*RECORDED DATA*

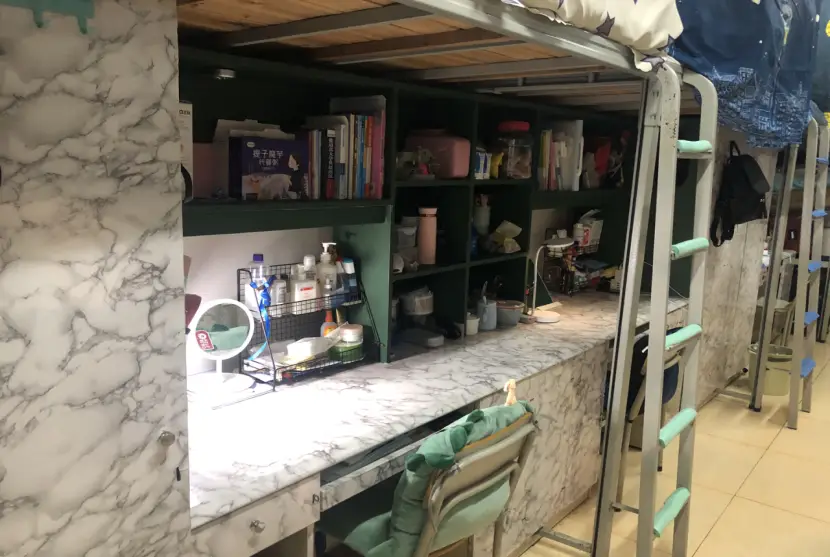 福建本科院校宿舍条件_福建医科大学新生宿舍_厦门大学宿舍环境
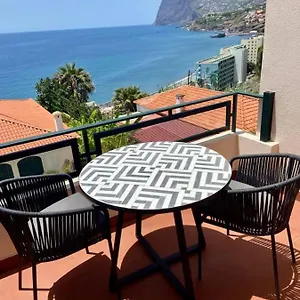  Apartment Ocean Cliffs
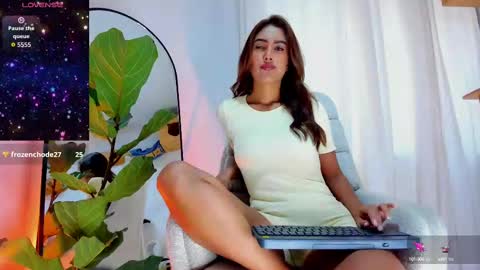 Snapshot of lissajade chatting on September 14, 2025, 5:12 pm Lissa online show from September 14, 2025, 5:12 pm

*WHAT IS NEEDED*
Reproduce the full listing faithfully, but do not carry over any pictures.

*ANSWER BOX*
 福建本科院校宿舍条件_福建医科大学新生宿舍_厦门大学宿舍环境
  Apartment Ocean Cliffs
 Snapshot of lissajade chatting on September 14, 2025, 5:12 pm Lissa online show from September 14, 2025, 5:12 pm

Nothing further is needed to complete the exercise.